TASK INSTRUCTIONS:
For the listing below, the answer is an exact retyping of the lines from the one with "The Smiths Sheila" through the one with "Mila Cement Dining", both included, without pictures.

AVAILABLE RECORDS:

------

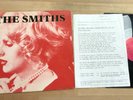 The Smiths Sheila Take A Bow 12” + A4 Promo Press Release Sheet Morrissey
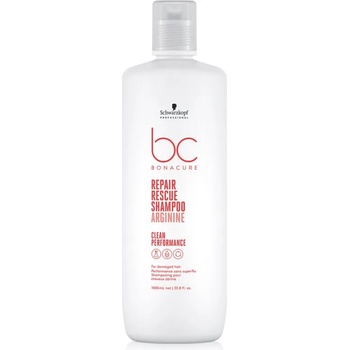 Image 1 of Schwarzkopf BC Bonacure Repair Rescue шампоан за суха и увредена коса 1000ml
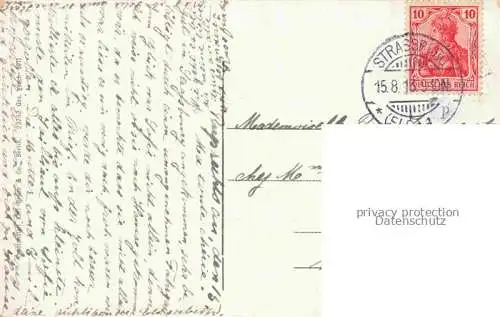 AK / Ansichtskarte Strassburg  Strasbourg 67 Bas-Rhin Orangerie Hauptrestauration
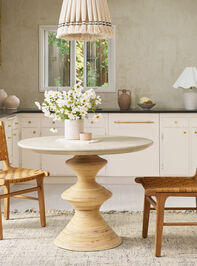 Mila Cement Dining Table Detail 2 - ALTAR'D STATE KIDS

------

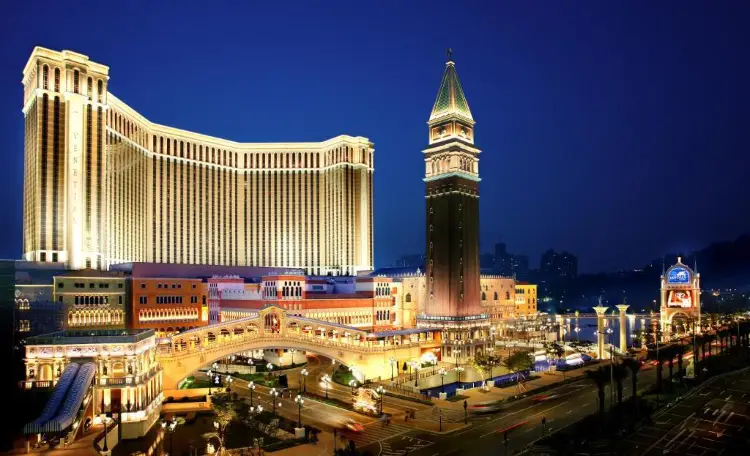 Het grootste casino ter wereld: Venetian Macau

------

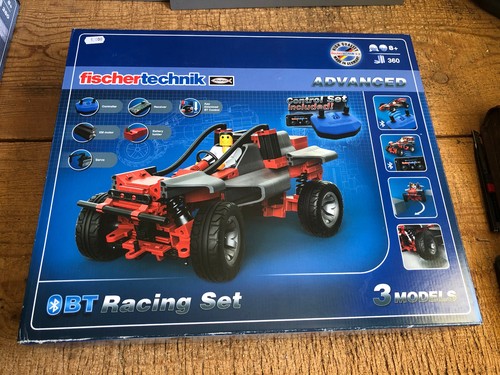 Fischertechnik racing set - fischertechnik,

------

YOUR RESPONSE:
 The Smiths Sheila Take A Bow 12” + A4 Promo Press Release Sheet Morrissey
 Image 1 of Schwarzkopf BC Bonacure Repair Rescue шампоан за суха и увредена коса 1000ml
 AK / Ansichtskarte Strassburg  Strasbourg 67 Bas-Rhin Orangerie Hauptrestauration
 Mila Cement Dining Table Detail 2 - ALTAR'D STATE KIDS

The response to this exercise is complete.